- **YOUR INSTRUCTIONS**: Below are the records; reproduce all of them exactly but without any images.

-*-

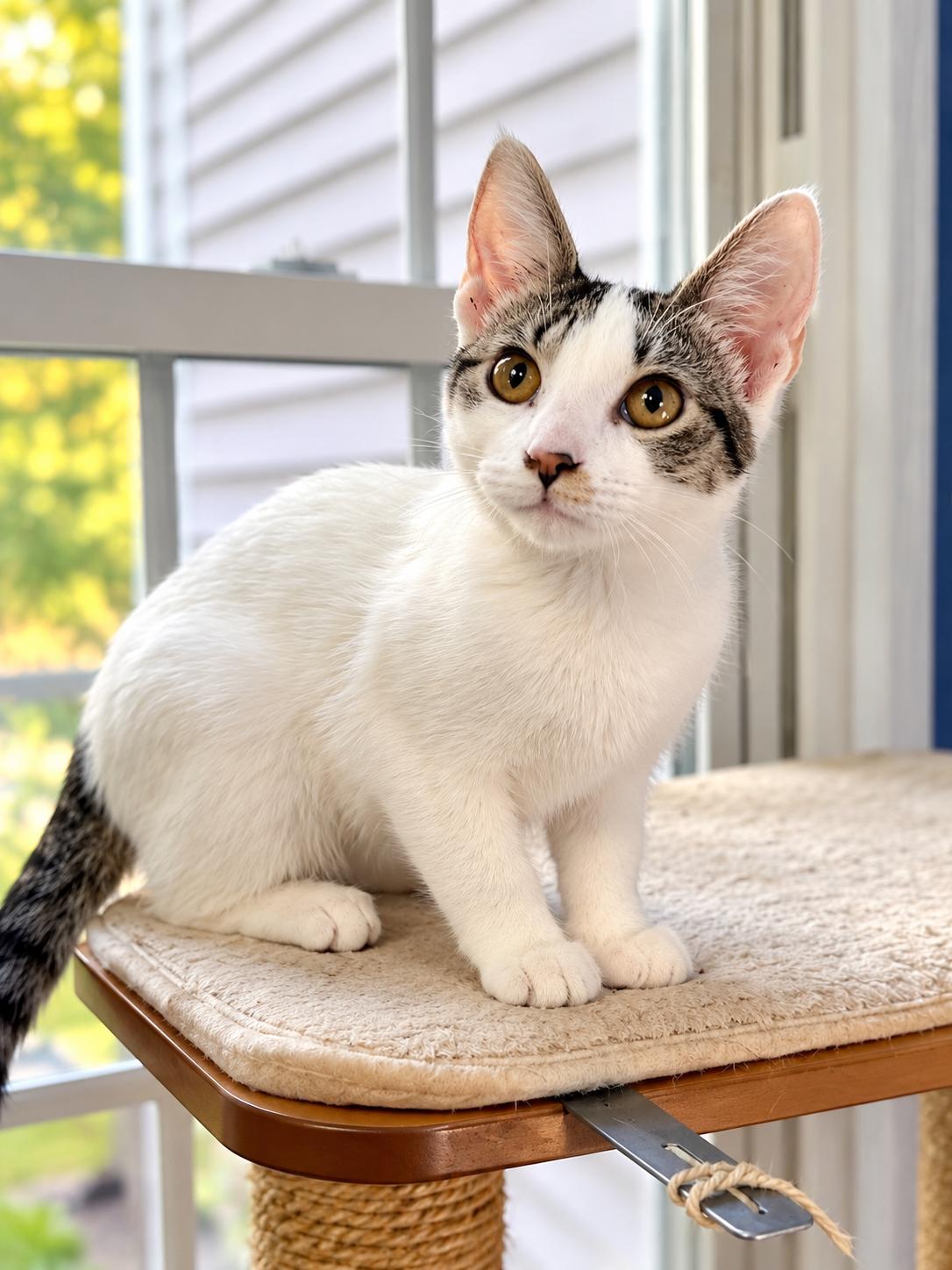 Enlarge Chicken (Bev-fostered in New England), a Adoptable mixed breed in Warwick, RI image 1/4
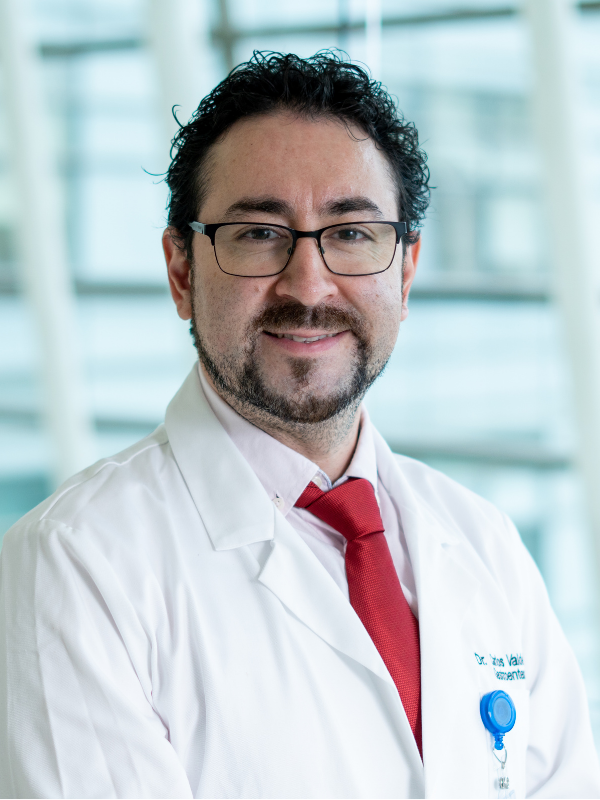 Dr. Carlos Valdebenito Uribe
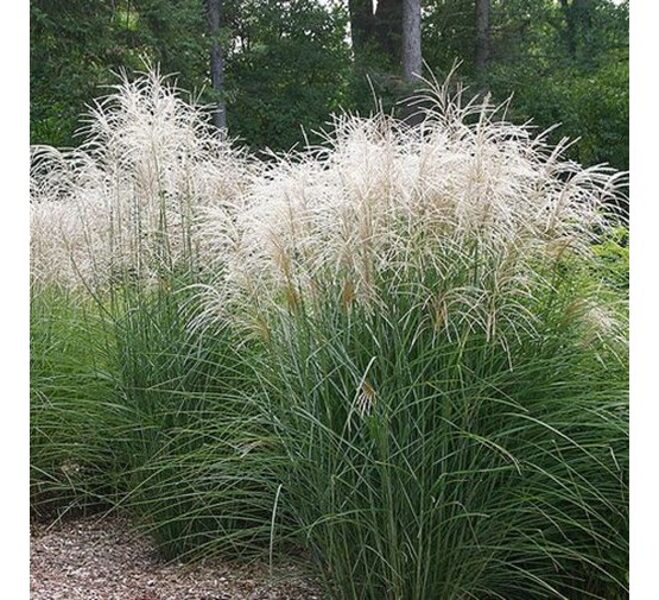 Kininis miskantas (Miscanthus sinensis) 'Graziella'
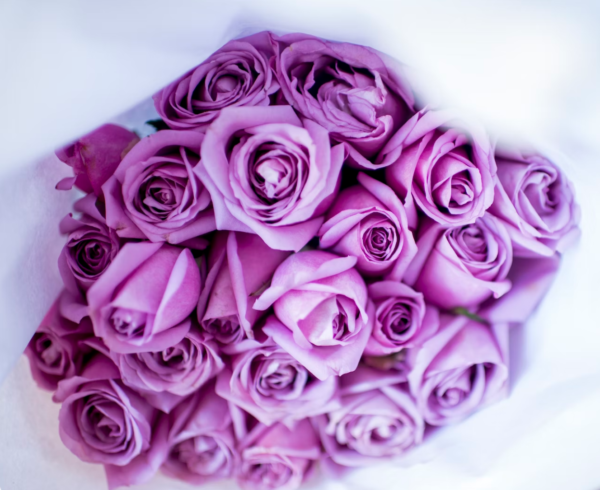 PURPLE ROSES - Image 4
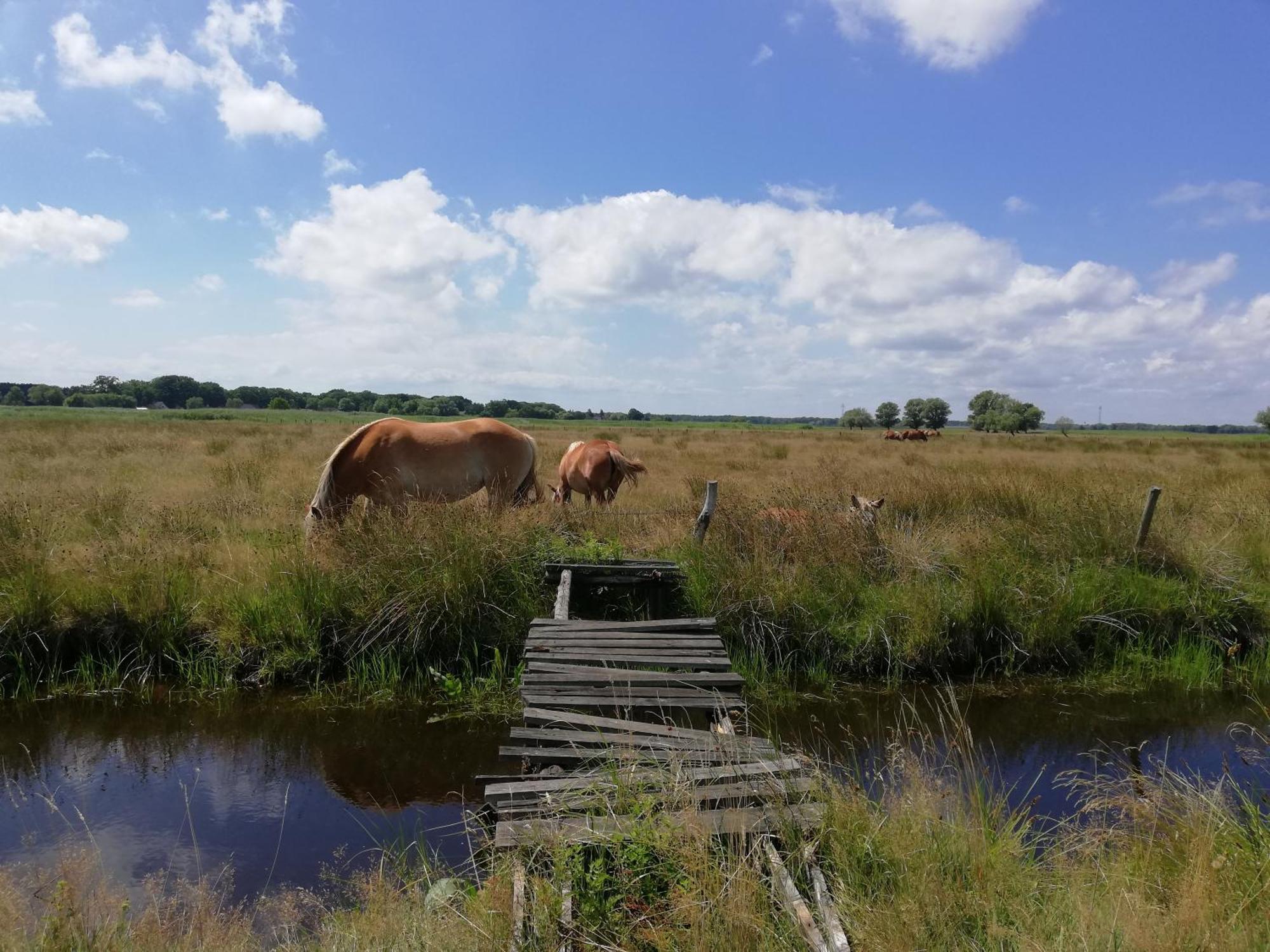 Dom Goscinny Ptaszarnia - Natura-Free Parking Świnoujście Exterior foto
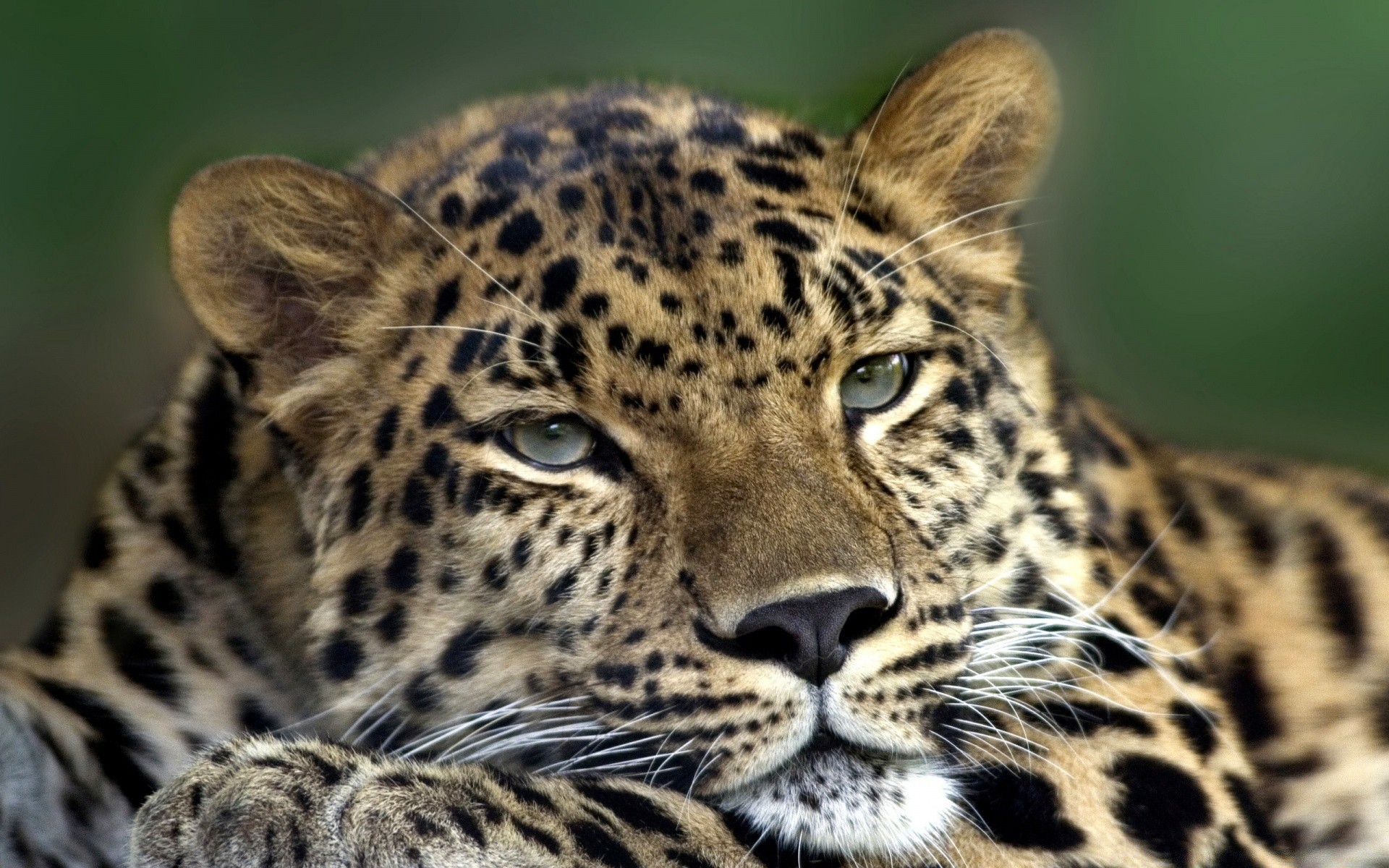 hayvanlar kedi yaban hayatı memeli leopar yırtıcı hayvan hayvan avcı et yiyen kürk göz safari doğa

-*-

- **COMPLETED TASK**:
 Enlarge Chicken (Bev-fostered in New England), a Adoptable mixed breed in Warwick, RI image 1/4
 Dr. Carlos Valdebenito Uribe
 Kininis miskantas (Miscanthus sinensis) 'Graziella'
 PURPLE ROSES - Image 4
 Dom Goscinny Ptaszarnia - Natura-Free Parking Świnoujście Exterior foto
 hayvanlar kedi yaban hayatı memeli leopar yırtıcı hayvan hayvan avcı et yiyen kürk göz safari doğa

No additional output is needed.